Golda Meir a-t-elle laissé la guerre du Kippour se dérouler ? Le biopic « Golda » vise à réhabiliter son image.

(La Lettre Sépharade) — Golda Meir, la première et jusqu’à présent la seule femme Premier ministre d’Israël, est une figure aussi entourée de mythologie qu’elle est voilée par des panaches de fumée de cigarette dans « Golda », un nouveau drame politique mettant en vedette Helen Mirren.

Meir a été surnommée la « Dame de fer » d’Israël, tour à tour saluée en tant que fondatrice de l’État, méprisée pour ses déclarations dédaigneuses à l’égard des Palestiniens et, plus notoirement, tenue pour responsable de la surprise d’Israël lors du déclenchement de la sanglante guerre du Kippour en 1973. Le film recrée l’expérience de Meir pendant les 19 jours de cette guerre, qui marquera de manière indélébile à la fois son héritage et la conscience israélienne. Réalisé par le cinéaste israélien Guy Nattiv, qui a remporté un Oscar pour son court métrage « Skin » en 2018, « Golda » sort vendredi dans les salles des États-Unis.

Des générations d’Israéliens, dont beaucoup qui ont combattu en 1973, ont imputé à Meir la responsabilité d’une guerre traumatisante. Mais Nattiv propose un portrait différent, en s’appuyant sur des documents de guerre récemment déclassifiés qui révèlent à quel point elle a été désastreusement mal informée par ses commandants militaires complaisants. Il présente Meir comme une femme d’acier, impitoyable mais vulnérable, torturée par la culpabilité et motivée par la conviction qu’elle défendait son pays contre l’extinction.

« Elle était le bouc émissaire de la guerre », a déclaré Nattiv à la Jewish Telegraphic Agency. « L’idée était qu’elle était la seule personne responsable de cette débâcle, de cet échec, et ce n’était pas vrai. »

Nattiv lui-même avait 4 mois lorsque la guerre a éclaté le 6 octobre 1973 – Yom Kippour, le jour le plus saint du calendrier juif – et sa mère l’a emmené dans un abri anti-aérien pendant que son père se dirigeait vers le front.

Dans un échec colossal des services de renseignement, Israël a été surpris par une attaque sur deux fronts de l’Égypte et de la Syrie, qui cherchaient à reconquérir les territoires qu’ils avaient perdus en 1967. De nombreux Israéliens étaient trop confiants après la victoire rapide de leur jeune pays sur trois armées arabes lors des Six Jours de 1967. ​​La guerre. Mais au cours des premières 24 heures de la guerre du Kippour, les positions israéliennes, peu nombreuses, ont été submergées le long du canal de Suez au sud-ouest et sur le plateau du Golan au nord-est.
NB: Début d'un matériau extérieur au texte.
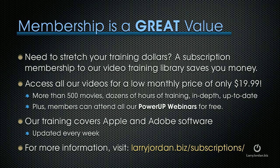Plus, members can attend any of our Power Up webinars for free. Our training covers Apple and Adobe software. We update it every week. For more information, visit LarryJordan.biz/subscriptions.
Finalement, Israël a remporté une victoire coûteuse : 2 656 soldats israéliens ont été tués et 12 000 blessés, un lourd tribut pour un petit État. Les forces arabes ont fait 8 258 morts et près de 20 000 blessés. Le traumatisme national de 1973 a retourné l’opinion publique contre Meir, auparavant admirée pour sa longue carrière politique qui comprenait le fait d’être l’une des fondatrices du Parti travailliste israélien et de collecter 50 millions de dollars auprès des Juifs américains pour la création d’un État israélien.
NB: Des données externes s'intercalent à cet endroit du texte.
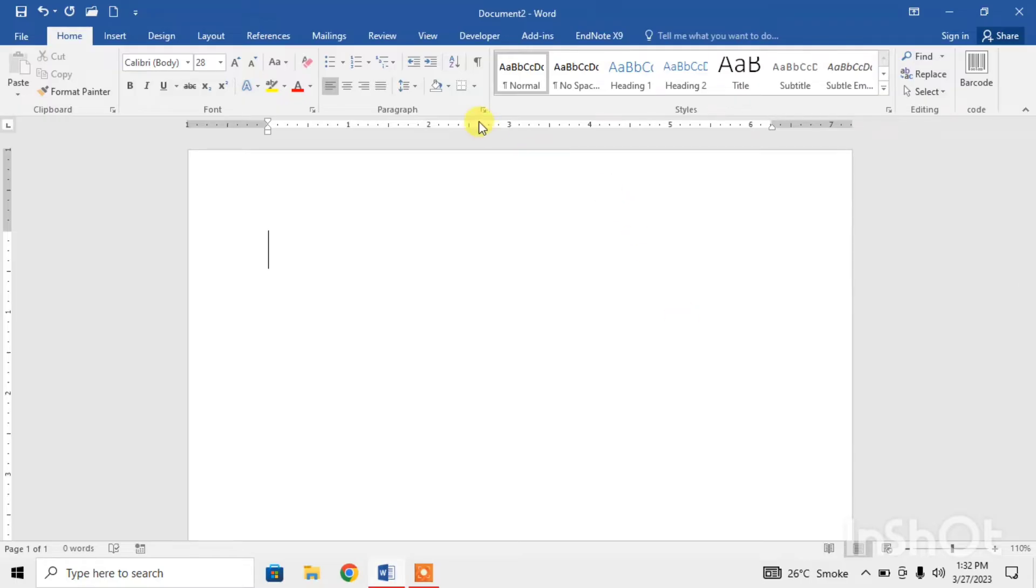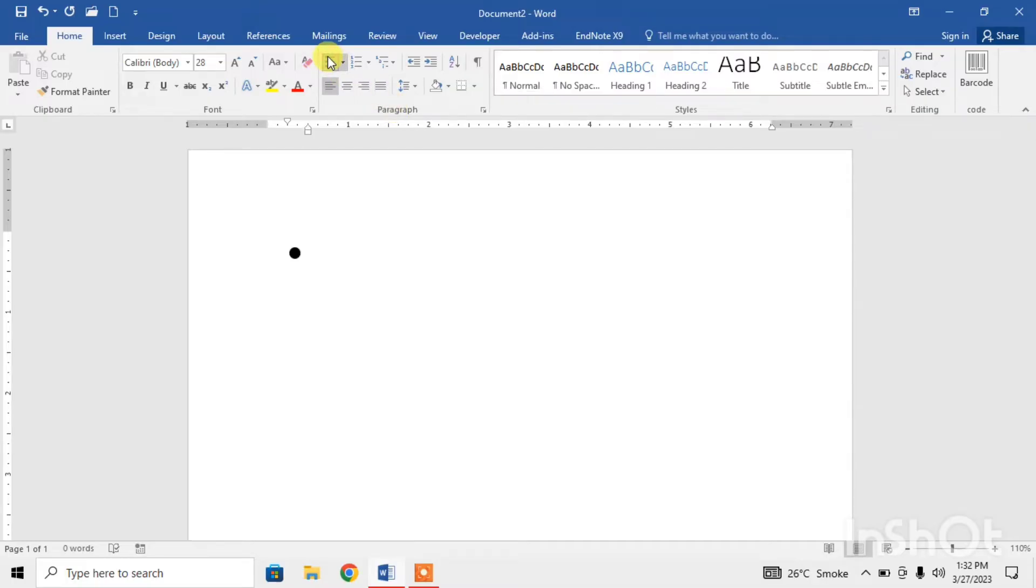First of all, I insert bullets by clicking on bullets in the paragraph section. Now the bullet has been inserted, I just type PQRST.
« Golda » présente les expériences de Meir comme des flashbacks lors de son témoignage devant la commission d’enquête Agranat, qui a enquêté sur les échecs militaires d’Israël qui ont conduit à la guerre. Bien que la commission l’ait innocentée de tout acte répréhensible, elle a décidé de démissionner. Quatre ans plus tard, après avoir lutté secrètement contre un lymphome pendant 15 ans, Meir est décédé à l’âge de 80 ans.

Nattiv a cherché à l’humaniser en se concentrant sur les jours de guerre isolés et angoissants qui se déroulaient au crépuscule de sa vie, passés entre les salles de guerre et les lits d’hôpital.

« Je voulais montrer le moment le plus crucial de sa vie et de la vie de ce pays, ce carrefour qui a façonné toute son image, alors qu’elle était malade et devait prendre des décisions difficiles », a déclaré Nattiv. « Je voulais raconter son histoire à travers la solitude. »

Nattiv montre également Meir là où son côté politique a convergé avec un instinct tendre : sa cuisine intime. Comme la vraie Meir, la version de Mirren cuisine pour le groupe sélectionné de conseillers qui entrent chez elle. La Première ministre était connue pour servir du cheesecake et du strudel aux pommes à ses invités puissants les soirs de Shabbat, accompagnés de consultations et de débats autour de la table. Cette pratique est devenue connue sous le nom de « la petite cuisine de Golda » ou de son « armoire de cuisine ».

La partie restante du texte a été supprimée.